[Records provided — start]
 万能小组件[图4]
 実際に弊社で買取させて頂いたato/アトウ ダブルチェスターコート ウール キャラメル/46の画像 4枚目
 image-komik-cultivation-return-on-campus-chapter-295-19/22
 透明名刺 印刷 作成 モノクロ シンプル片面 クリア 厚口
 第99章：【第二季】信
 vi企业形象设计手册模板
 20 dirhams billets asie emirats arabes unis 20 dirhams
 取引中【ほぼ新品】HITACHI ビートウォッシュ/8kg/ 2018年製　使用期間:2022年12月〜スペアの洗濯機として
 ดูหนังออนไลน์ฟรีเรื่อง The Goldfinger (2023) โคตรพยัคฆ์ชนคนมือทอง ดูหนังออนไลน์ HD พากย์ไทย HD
[Records provided — finish]
Requirement
What is needed is an exact copy of all the data above.

Response for this exercise
 万能小组件[图4]
 実際に弊社で買取させて頂いたato/アトウ ダブルチェスターコート ウール キャラメル/46の画像 4枚目
 image-komik-cultivation-return-on-campus-chapter-295-19/22
 透明名刺 印刷 作成 モノクロ シンプル片面 クリア 厚口
 第99章：【第二季】信
 vi企业形象设计手册模板
 20 dirhams billets asie emirats arabes unis 20 dirhams
 取引中【ほぼ新品】HITACHI ビートウォッシュ/8kg/ 2018年製　使用期間:2022年12月〜スペアの洗濯機として
 ดูหนังออนไลน์ฟรีเรื่อง The Goldfinger (2023) โคตรพยัคฆ์ชนคนมือทอง ดูหนังออนไลน์ HD พากย์ไทย HD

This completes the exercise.